Copy number loss of USPL1 is frequent in cancer cell lines and predictive of increased sensitivity to knockout of USPL1 in the DepMap. In our hands, knockout of USPL1 gave the second strongest phenotype in terms of the number of DE genes. The strongest DepMap co-dependent genes for USPL1 across tumor types were members of the Little Elongation Complex (LEC), which is involved in transcription of spliceosomal machinery (Hutten et al., 2014) suggestive of an association between USPL1 and the LEC. To investigate these connections, we used CRISPR-Cas9 to knock out members of the LEC (ICE1, ICE2, ELL, and EAF1) in MDAMB231 cells followed by 3’DGE-seq to score phenotypes. We found that the USPL1 knockout expression signature clustered with signatures for knockout of several of the LEC genes we tested and was most similar to knockout of ICE1: in both cases upregulation of genes involved in RNA processing was observed. The high degree of similarity between the USPL1 and ICE1 knockouts is consistent with the DepMap prediction that USPL1 activity is mediated largely by the LEC. USPL1 also interacts with ICE1, ELL, and EAF1 in PPID data, suggesting there is a physical interaction between USPL1 and the LEC. Our findings are also consistent with a previous study showing that USPL1 interacts with subunits of the LEC and affects the localization of spliceosome machinery (Hutten et al., 2014; Schulz et al., 2012).
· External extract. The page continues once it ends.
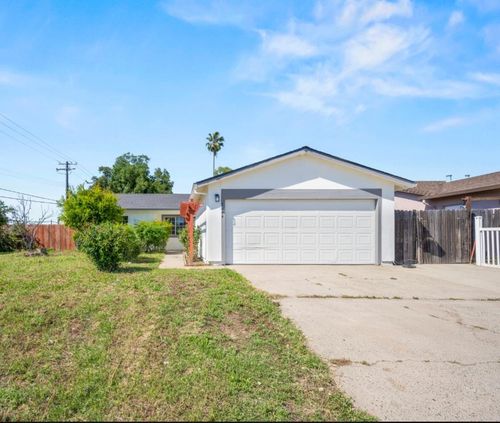 7444 Larchmont Dr, North Highlands, CA, 95660-2706 | Card Image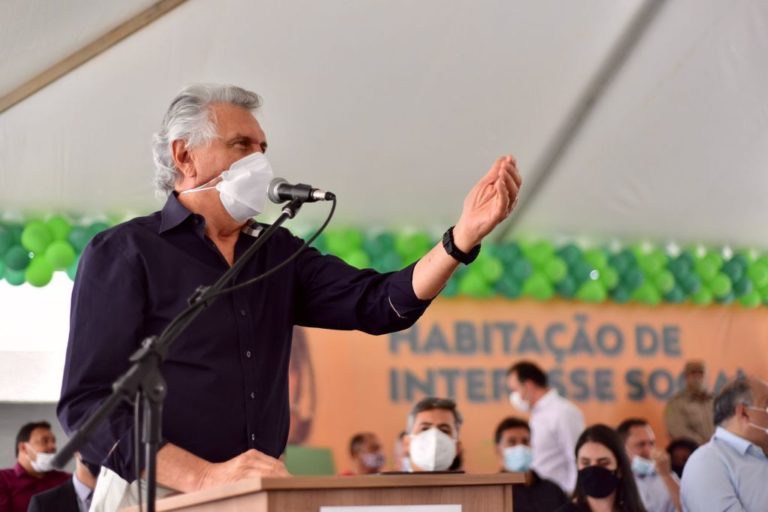 Em Valparaíso de Goiás, Caiado entrega 474 moradias e distribui 1.367 computadores para estudantes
USP32 has recently been reported to be important for endosomal sorting to the Golgi apparatus via regulation of the small GTPase, RAB7 (Sapmaz et al., 2019). When we ran enrichment analysis on the top USP32 DepMap co-dependent genes, the most significant GO term was Retrograde Transport Endosome to Golgi. The co-dependent genes for USP32 include VPS52, VPS54, and RAB6A, which are proteins involved in endosomal sorting to the Golgi apparatus but RAB7 was not a codependent gene (correlation = 0.06; (Liewen et al., 2005)). This suggests that the role of USP32 in endosomal transport may be via regulation of the small GTPase RAB6A rather than RAB7. RAB6 functions in Golgi trafficking, while RAB7 acts more broadly, by associating with late endosomes and lysosomes and regulating diverse trafficking events, including directing late endosomes to the Golgi (Guerra and Bucci, 2016; White et al., 1999). USP32 is co-expressed with genes involved in retrograde endosome transport to Golgi and the vesicle tethering complex (GO: Retrograde Endosome Transport to Golgi and GO: Tethering Complex, FDR adjusted enrichment p-values 6.86 x 10-6 and 1.72 x 10-12 respectively), providing additional evidence that USP32 is involved in endosomal sorting to the Golgi apparatus.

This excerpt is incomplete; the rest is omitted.